Uroczystości na Podhalu są zakrojone na znacznie większą niż dotąd skalę. 18 grudnia o 11.00 odbędzie się specjalna msza w kościele Świętej Królowej Jadwigi w Nowym Targu. Przekazanie ognia obejmie większość podhalańskich parafii. Tak szeroka akcja wiąże się z odrodzeniem ruchu ZHP na Podhalu, związanego z powstaniem 22 października Podhalańskiego Hufca Chorągwi Krakowskiej.
Coroczna akcja przekazywania przed Świętami Bożego Narodzenia symbolicznego ognia, zapalonego w Grocie Narodzenia Chrystusa w Betlejem ma już w Polsce tradycję 20 lat.

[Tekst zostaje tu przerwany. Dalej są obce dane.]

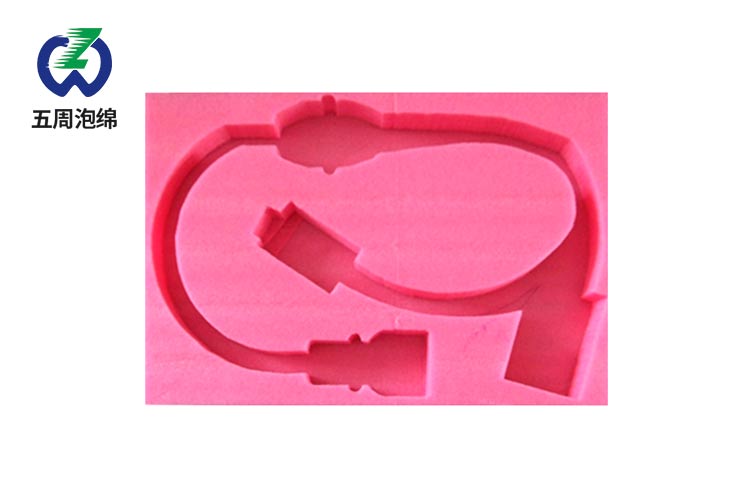 epe內(nèi)托在市場上的應用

Zwyczaj przekazywania światła narodził się w Linzu w 1986 roku, jako akcja charytatywna na rzecz dzieci niepełnosprawnych. Austriackie radio i telewizja z pomocą skautów roznosiła betlejemskie światło po szpitalach i domach opieki społecznej. Po kilku latach Światło rozeszło się niemal po całej Europie.
Z Izraela samolotem trafia do Wiednia, gdzie zjeżdżają delegacje skautowe z różnych stron. Przez lata ze względu na izolację bloku socjalistycznego, Polacy odbierali światło od Słowaków przy szlabanie granicznym na Łysej Polanie. Od czasu wstąpienia Polski do Unii Europejskiej harcerze nadal odbierają światło od Słowaków. Dzieje się to w dwojaki sposób - jednego roku Polacy jadą na Słowację, kolejnego Słowacy przywożą światło do Kaplicy Betlejemskiego Światła Pokoju przy schronisku Głodówka należącym do ZHP. Stąd Betlejemskie Światło Pokoju trafia do chorągwi, hufców i drużyn harcerskich na terenie całego kraju, a za ich pośrednictwem do mieszkańców miast i wsi.

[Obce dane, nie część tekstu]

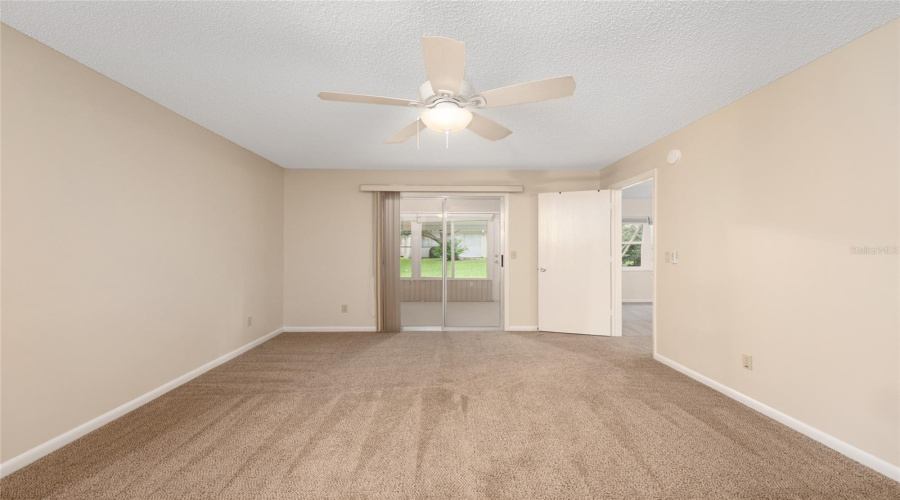 Ocala, Florida 34481, 2 Bedroom Bedrooms, ,2 Bathroombathrooms,Residential,For Sale,89Th Court,0,Mfrom726048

Z rąk harcerzy uroczyście przyjmie Światełko 14 grudnia prezydent RP, premier, marszałek Sejmu i prymas Polski. Polscy harcerze przekazują Światło również do wschodnich sąsiadów - na Litwę i Białoruś.
W niedzielę 18 grudnia harcerski żaglowiec "Zawisza Czarny" wypłynie z Gdyni w rejs na Bornholm, by zawieźć Betlejemskie Światło Pokoju do Danii.